All the features of the DK's performance under Järvi's baton which attracted me on the first disc of the Schumann Cycle are present here. The DK players are expert soloists themselves, and each orchestral section seeks the "life within" their instrumental parts, clarifying and enriching Schumann's experimental orchestration with perfectly placed accents, snappy rhythms and subtly-nuanced phrasing.
The disc provides a well-chosen concert-like collection of two orchestral pieces, including the Overture, Scherzo and Finale of 1841, which was first presented in the same Gewandhouse Orchestra concert as the Fourth Symphony. Together with the Konzertstück for 4 horns and orchestra, Op. 86 (1849), these once forgotten pieces have been appearing with increasing frequency, at least as "fill-ups" in recordings. Schumann referred to his Overture, Scherzo and Finale as having a "light, friendly character" which is just how Järvi and the DK present it. The Konzertstück for 4 horns and orchestra has a more skillful and inventive character. It was written to help along the absorption of the newly invented valve systems for the French horn into reluctant orchestras, and there are period performances with four soloists playing early rotary valve horns while the orchestral horns remain as valveless (e.g. Gardiner on RBCD). Here the DK's soloists play modern horns. Soloists Stephan Dohr, Elka Schutz Hökelmann, Volker Grewel and Thomas Sonnen form a tightly knit ensemble, and display their virtuosity (particularly Dohr who has much tessitura to negotiate) lightly but with great wit.
Schumann's Fourth Symphony had a long gestation, from its inception in 1841 to a major revision a decade later. Although Järvi has elected to perform the 1851 version (a revision undertaken by a master at the peak of his powers), there was yet another (less radical) revision in 1853. The structure of this symphony was experimental for Schumann, and he never again traveled so far from the Viennese classical form of his beloved Beethoven. Not only are the "rules" of sonata structure abjured and reinvented, the four movements are linked together as if continuous. Since there are also recurrences in each movement of his initial thematic motifs, which themselves have great economy of means, one might also suggest the Fourth to be a progenitor of Liszt's cyclic symphonic structures.

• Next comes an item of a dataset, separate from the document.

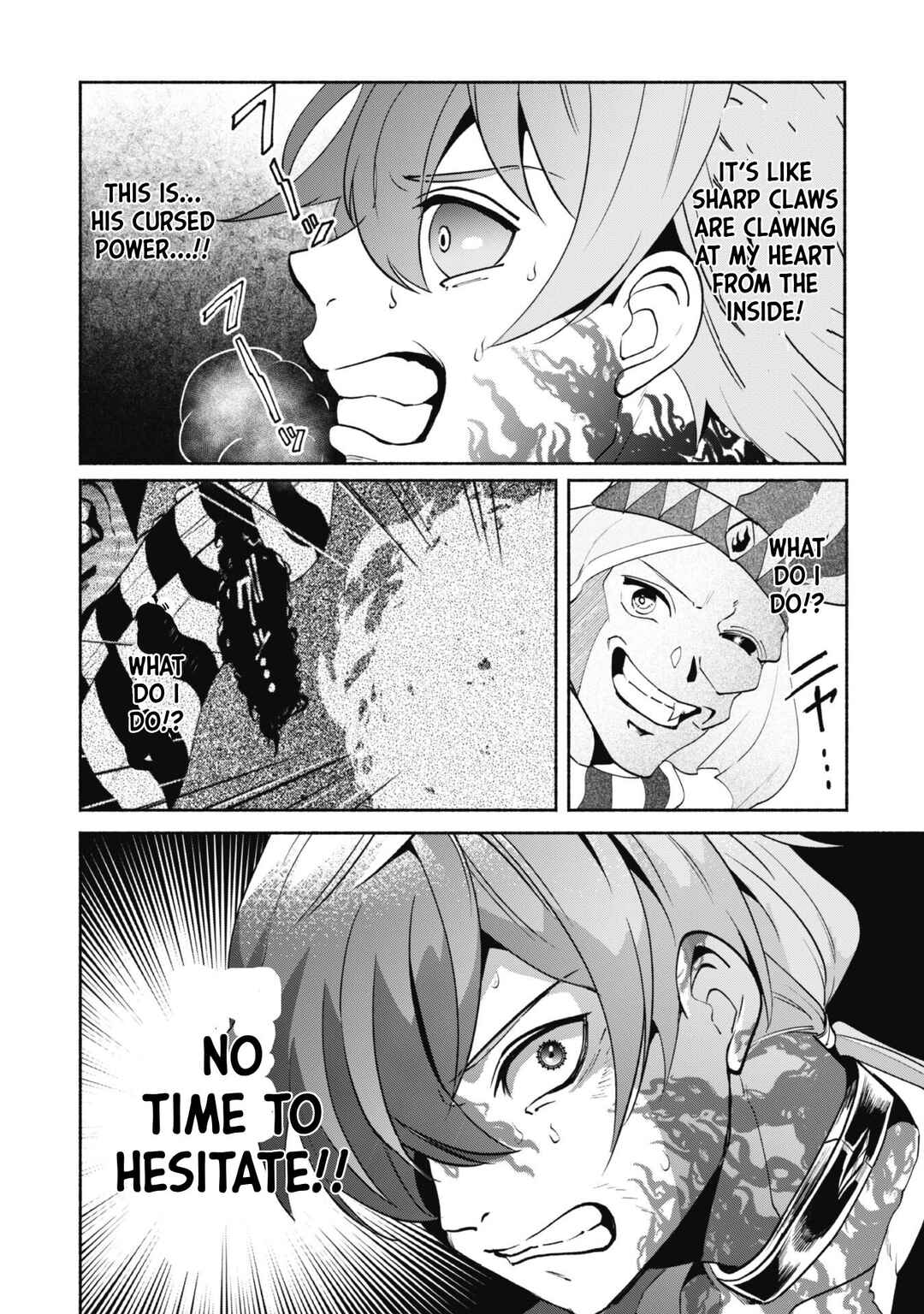 Page 12 Chapter 5 Munou wa Fuyou to Iware Tokei Tsukai no Boku wa Shokunin Guild kara Oidasareru mo, Dungeon no Shinbu de Shin mo Chikara ni Kakusei suru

Järvi produces a thrilling traverse of the Fourth, from its dark and nervously tense start on an upbeat, through the struggle of the first movement to finally reach its feminine "second subject", sweet and deeply romantic - as late as the last third of his structure - and spurring the movement's jubilant ending. The Romance is not intended to be a standard Germanic slow movement but was based on a medieval slow dance, which the DK players indicate with a gentle and sensuous lilt. Their view of the movement is dignified and somewhat aloof, which forms a wonderful contrast with the dynamism and rough manners of the following Scherzo, often knocked about by off beat rhythms until its moonlit trio enters to placate matters. In continuation, the Finale introduces itself with a lovely vision of sunrise, arriving triumphantly at a loud, shining major chord, after which the first movement motifs reappear to be re-digested with storms of energy, here showing fabulously precise articulation and rhythmic cohesion from the orchestra.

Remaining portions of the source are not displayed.